I’m going to share the recipe here because some of you may like it – I dunno, maybe it was just me. But I also want to share it in the hopes that someone who knows how to make great curry will have a look at it and tell me what they think I could do differently to make it better next time. I’ll bet I’m not the only one who could use a few tips!
North Indian Chicken Curry
Serves 5 to 6
2 Tbsp. canola or peanut oil (I used peanut)
2 cups finely chopped onions (from 2 medium onions)

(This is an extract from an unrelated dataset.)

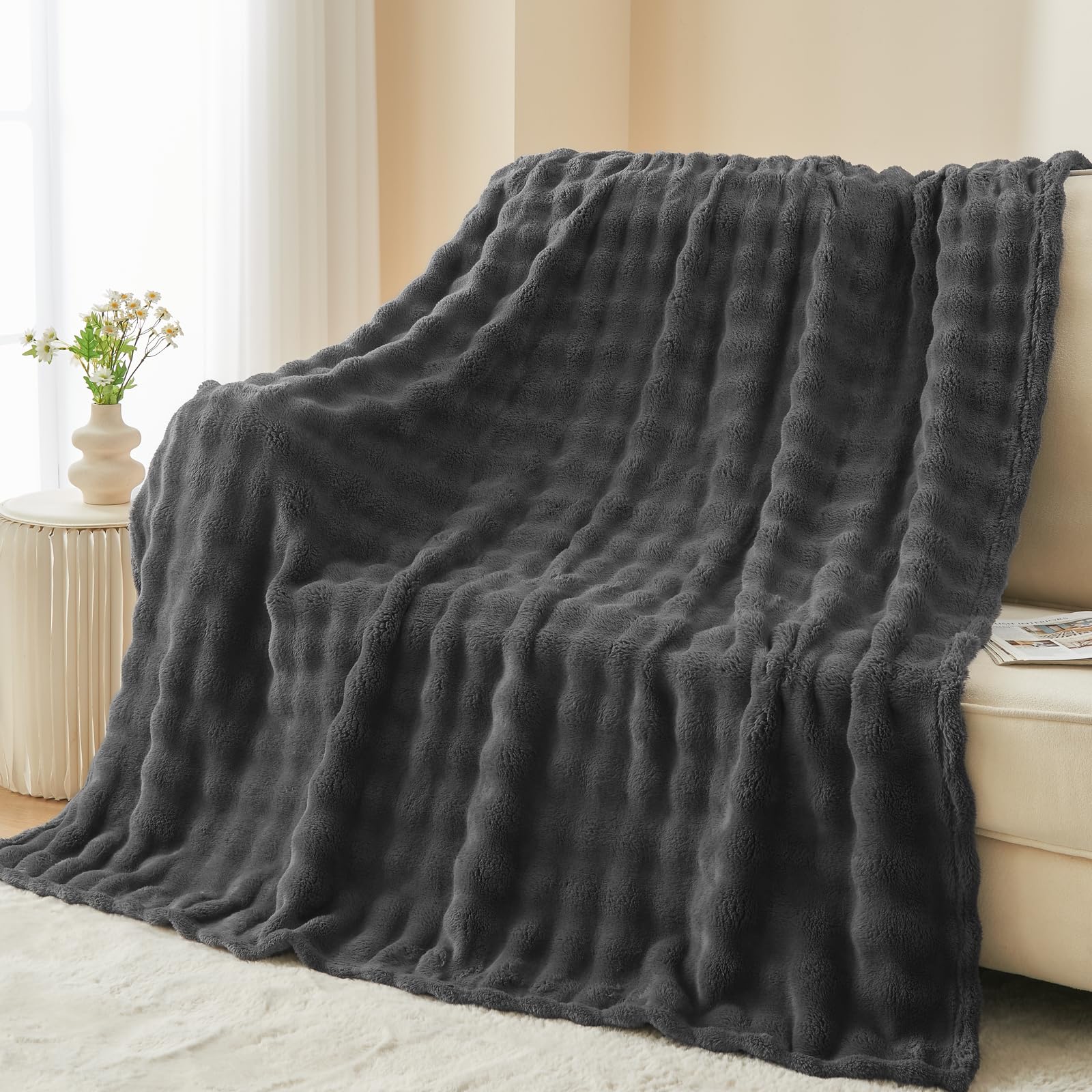 Newcosplay Twin Blanket For Couch Dark Grey Super Soft Flannel Fleece 3D Bubble Lightweight Bed Blanket All Season Use (Dark Gre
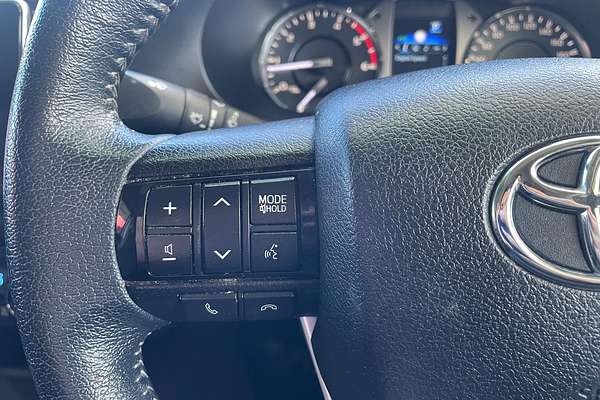 2022 Toyota Hilux SR5 GUN126R 4X4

1 cup plain nonfat yogurt, at room temperature
1 tsp. cornstarch
1 Tbsp. minced fresh ginger
1 Tbsp. minced garlic
1 to 2 hot fresh green chiles (such as serranos), minced
4 lbs. bone-in chicken thighs, skin and excess fat removed
1 Tbsp. ground coriander
1 1/2 tsp. ground cumin
3/4 tsp. turmeric
3/4 tsp. cayenne
1 28-oz can whole peeled tomatoes, chopped, with juices
1/2 cup chopped fresh cilantro leaves (more for garnish)
1 1/2 tsp. garam masala
Heat oil in a Dutch oven or a deep, wide saucepan set over medium-high heat. Add onions and stir to coat them with the oil. Spread in an even layer and cook for 2 minutes. Stir well, rearrange in an even layer again, and cook for 2 minutes. The onions should have begun to brown around the edges. Reduce heat to medium and cook, stirring occasionally, until the onions are a rich brown, another 10 to 12 minutes. Lower the heat if necessary so the onions don’t burn.
Meanwhile, put the yogurt in a small bowl, stirring until it is creamy. Stir in cornstarch well.
Add ginger, garlic and chiles to the onions. Cook over medium heat, stirring frequently, for 2 minutes so they meld with the onions. Add all the chicken thighs and cook, stirring occasionally, until they lose their raw color and begin to brown, 5 to 6 minutes. Lower the heat to medium-low and add coriander, cumin, turmeric and cayenne. Cook for 2 minutes, stirring frequently and scraping the bottom of the pan.
Add tomatoes and their liquid, the yogurt, the chopped cilantro and 2 tsp. salt. Stir well, cover with a tight-fitting lid and bring to a boil. Lower heat and simmer until chicken is cooked through, 20 to 25 minutes. Remove from heat and taste for salt.
To serve, sprinkle the garam masala over the dish and garnish with cilantro.